Consider the definition of $F$:
$$F = \left\{ x : x \in A \text{ and if } x \in B \text{ then } x \in C \right\}$$
If we're to have $x \in F$ then we must certainly have $x \in A$, since otherwise the condition isn't satisfied. So we know that $F \subseteq A$.
This means that we obtain $F$ by throwing out some elements of $A$ $-$ namely, those elements which don't satisfy the condition.
Which elements do we throw out? Precisely those which are in $B$ but not in $C$. Since if an element is in $B$ but not $C$ then $x \in B \to x \in C$ isn't satisfied (and these are the only elements for which this condition isn't satisfied).
So we need to throw out $B - C$. That is, $F = A - (B - C)$.
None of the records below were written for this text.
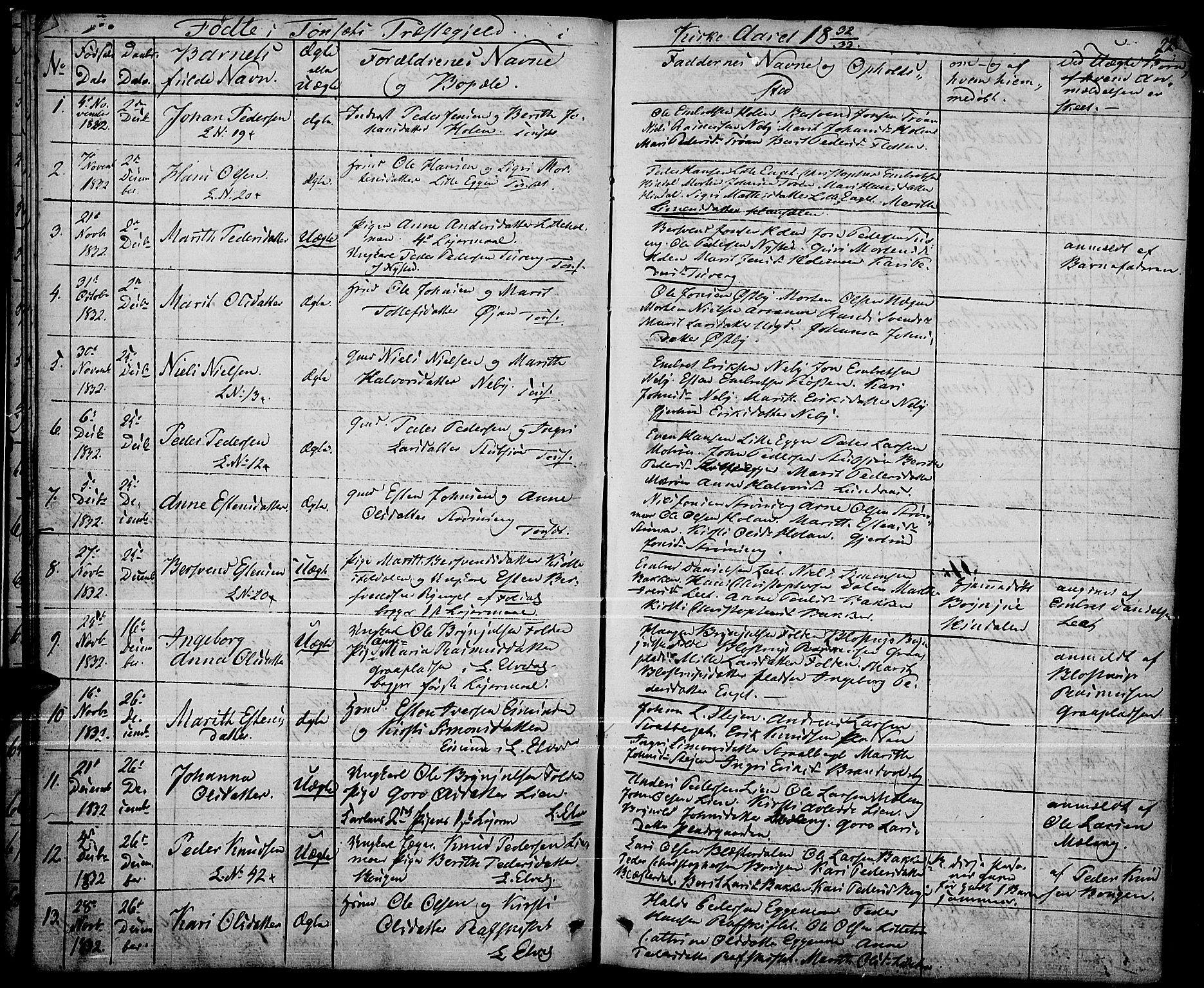 Tynset prestekontor, AV/SAH-PREST-058/H/Ha/Haa/L0019: Parish register (official) no. 19, 1829-1847, p. 22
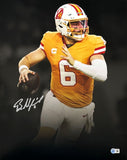Baker Mayfield Signed 16x20 Buccaneers Spotlight Orange Jersey Photo BAS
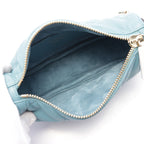 Dior Canage Chain shoulder bag Leather Light blue White Black 2WAY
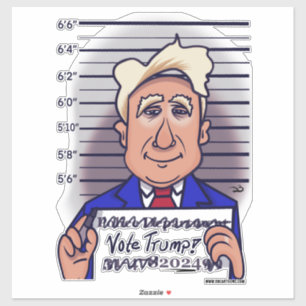 Stem Trump Custom Cut Stickers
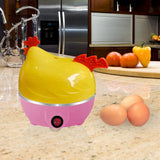 Maxbell Electric Egg Cooker with Automatic Shut Off Egg Boiler for Home Pink
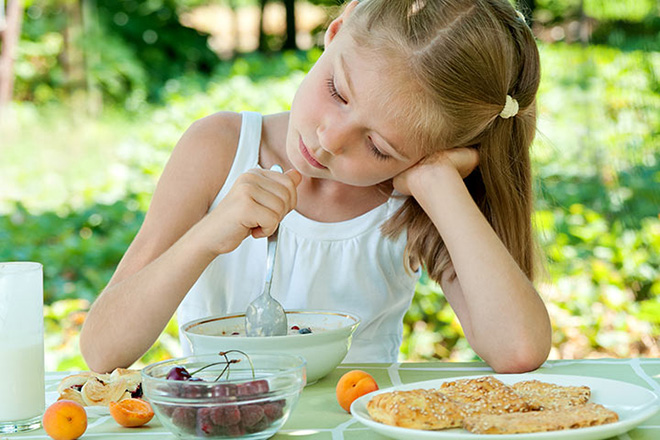 Tình trạng rối loạn ăn uống ở trẻ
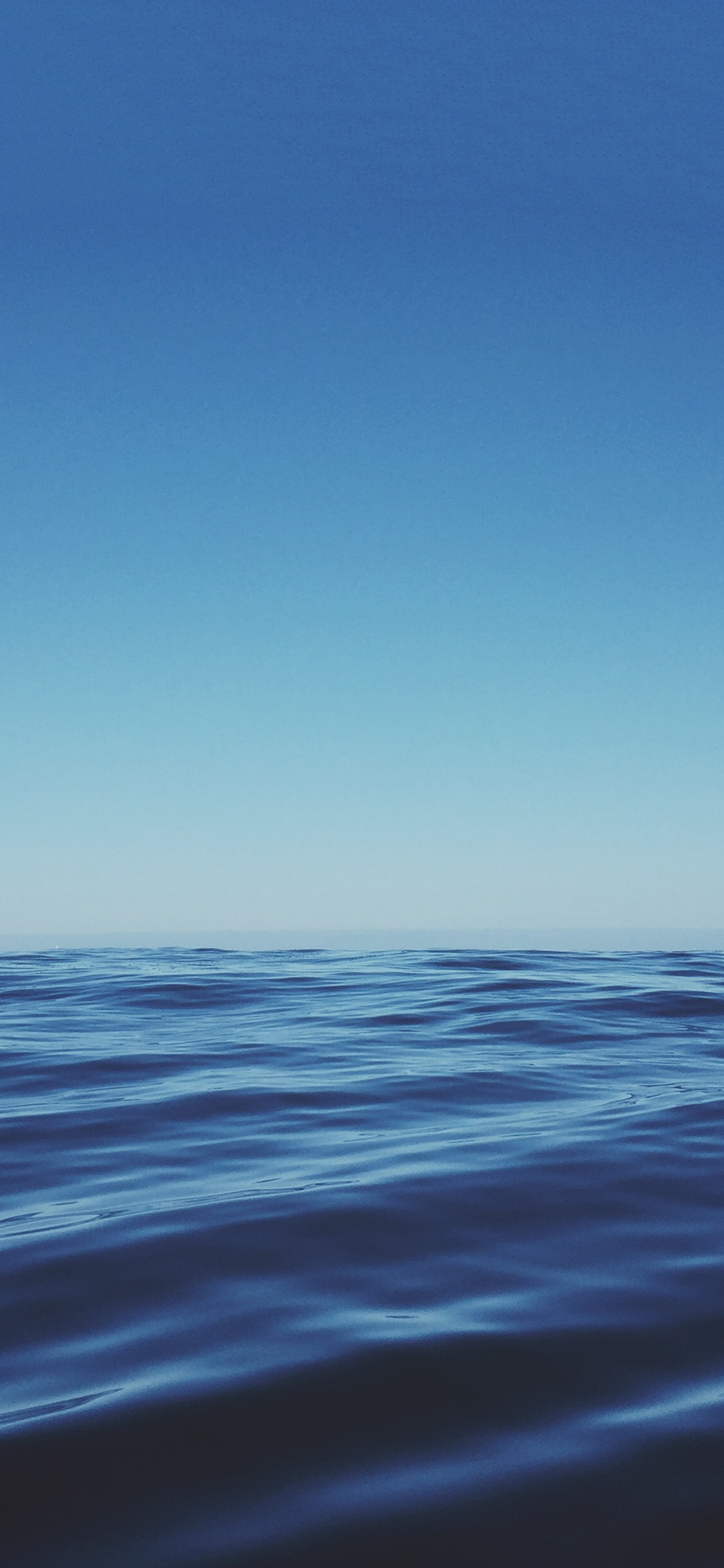 [2436×1125]大海 蓝色 海面 海水 苹果手机壁纸图片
A: $p\implies q$ is equivalent to $\neg p\vee q$, so $$x\in A\wedge(x\in B \implies x\in C)$$ is equivalent to $$x\in A\wedge(x\notin B \vee x\in C)$$ Also we have that $\neg\neg p\equiv p$, so we can write it as $$x\in A\wedge \neg(\neg(x\notin B\vee x\in C))$$ and by De Morgan's laws $$x\in A\wedge\neg(x\in B \wedge x\notin C)$$ Finally $(x\in A\wedge x\notin B)\equiv x\in(A\smallsetminus B)$, and applying it twice we get $$x\in A\smallsetminus(B\smallsetminus C)$$hence $F=A\smallsetminus(B\smallsetminus C)$